* Work request
Below is some data. Retype exactly the lines starting at the one with "21.06.2026 - Viking" and ending at the one with "Used 2016 Toyota RAV4 SE FWD image 38".

* Input records
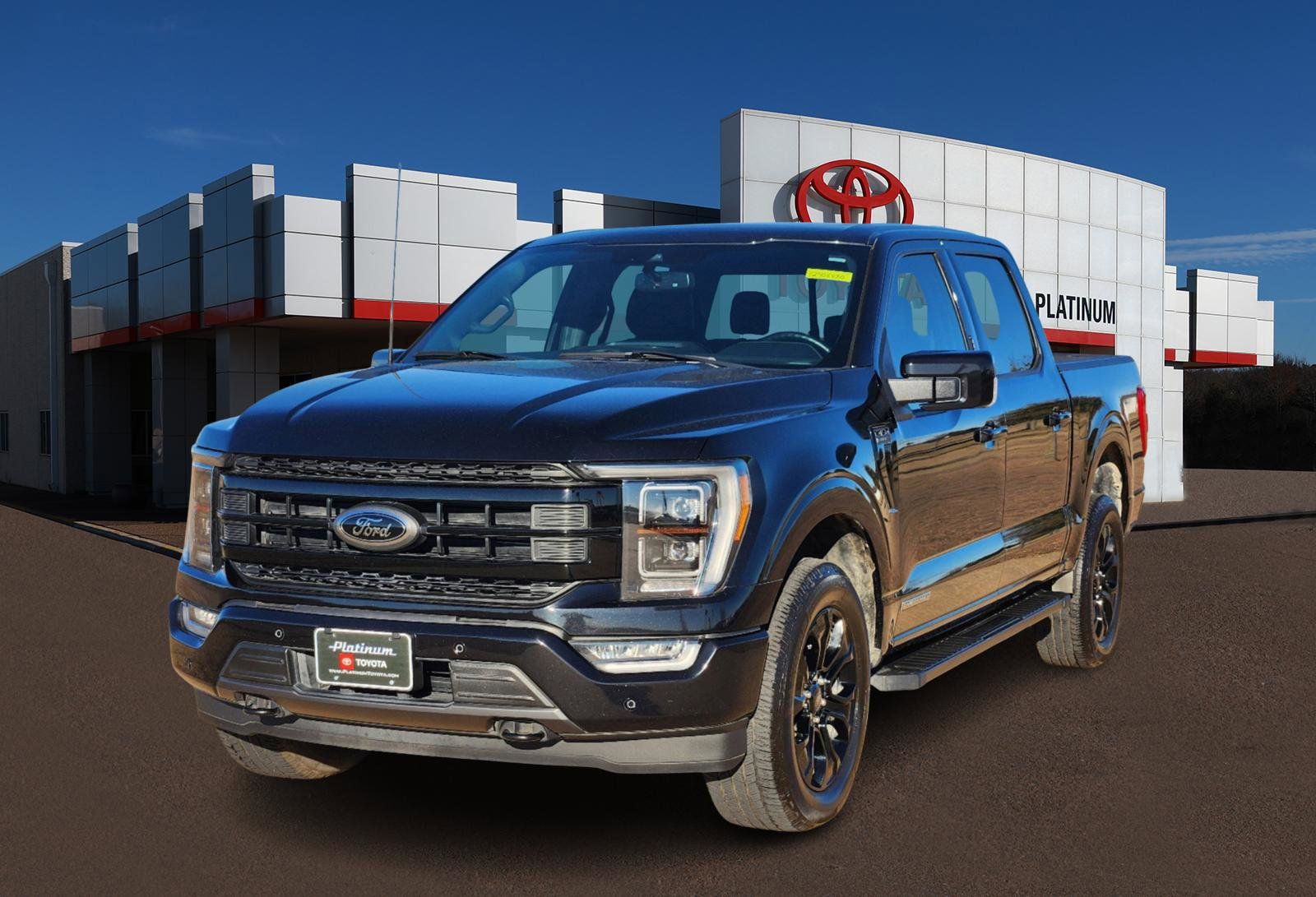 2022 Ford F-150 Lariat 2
* * *
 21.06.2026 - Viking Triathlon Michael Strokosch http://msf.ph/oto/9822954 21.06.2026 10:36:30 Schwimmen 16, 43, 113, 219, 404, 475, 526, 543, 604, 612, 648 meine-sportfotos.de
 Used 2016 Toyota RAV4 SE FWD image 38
---
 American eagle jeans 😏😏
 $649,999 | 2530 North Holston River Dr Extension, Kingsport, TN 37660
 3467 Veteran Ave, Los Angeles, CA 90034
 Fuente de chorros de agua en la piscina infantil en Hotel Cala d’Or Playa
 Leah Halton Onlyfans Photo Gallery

* Problem solution
 21.06.2026 - Viking Triathlon Michael Strokosch http://msf.ph/oto/9822954 21.06.2026 10:36:30 Schwimmen 16, 43, 113, 219, 404, 475, 526, 543, 604, 612, 648 meine-sportfotos.de
 Used 2016 Toyota RAV4 SE FWD image 38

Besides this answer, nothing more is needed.